No distrito de Lisboa, a oferta de imóveis T1 para arrendamento aumentou 78,1%

A crise no turismo fez disparar a oferta de casas para arrendar. O ano de 2020 fechou com um stock de mais de 43 mil imóveis disponíveis no mercado de arrendamento, um aumento de 67% face ao primeiro trimestre, quando se contabilizava uma oferta de 25.848 casas, avança o relatório ao setor imobiliário da Casafari. Nos distritos de Lisboa e o Porto, o stock aumentou 70%.

Em simultâneo, os preços médios para arrendar casa no país apresentaram uma quebra de 11,7%, fixando-se no último trimestre de 2020 nos 820 euros. Em Lisboa, os preços registaram uma quebra de 15%, para 1.016 euros. Já no Porto, a descida foi de 12%, para 683 euros.

A proptech portuguesa avança que a oferta para arrendamento de casas de tipologia T1 no distrito de Lisboa aumentou 78,1%, um crescimento justificado pela atual crise no setor do turismo. A escassez de turistas devido à pandemia da covid-19 levou muitos proprietários de imóveis afetos ao alojamento local a disponibilizá-los para arrendamento de longa duração.

Lisboa mais cara

Já os preços das casas usadas para venda no país apresentaram um aumento de 5,69% em 2020, fixando-se em 2.146 euros por metro quadrado. O distrito de Lisboa continua a apresentar os preços mais elevados, mas foi o que registou o menor crescimento, apenas 0,87%, nos preços médios de venda de apartamentos, diz a Casafari. Entre as tipologias T1, T2 e T3, foi esta última, e a única, que apresentou um decréscimo na evolução do preço médio de venda (-0,05%). Já nos imóveis T1 verificou-se o maior aumento, de 6.23%.
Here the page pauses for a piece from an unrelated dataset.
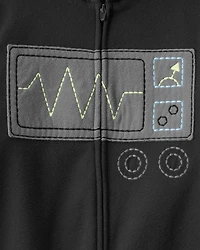 Boys Robot Fleece Hooded Zip-Up 1-Piece Pajama Jumpsuit - Black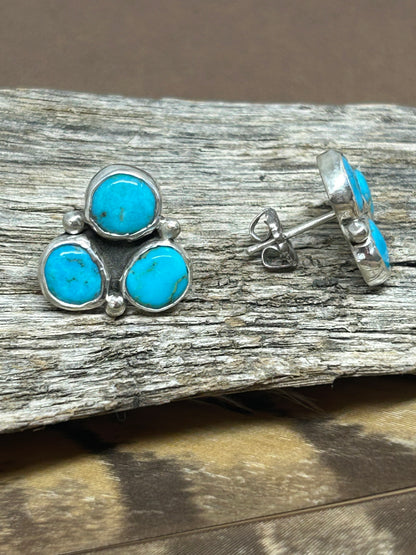 Kingman Turquoise Sterling Silver Stud Earrings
Segundo a análise da Casafari, o distrito de Lisboa apresentou um crescimento na ordem dos 50% na oferta de apartamentos disponíveis nas três tipologias. Os imóveis T1 foram os que registaram o maior aumento de oferta (52,9%), seguindo-se a tipologia T3 (50,4%) e posteriormente a tipologia T2 (49,2%).

No distrito do Porto, após uma ligeira quebra dos preços médios para venda no terceiro trimestre, verificou-se uma recuperação ao longo do quarto trimestre, com a tipologia T1 a registar o maior crescimento dos preços médios (8,5%), e a tipologia T3 a apresentar o maior aumento do stock disponível, uma subida de 19,5%.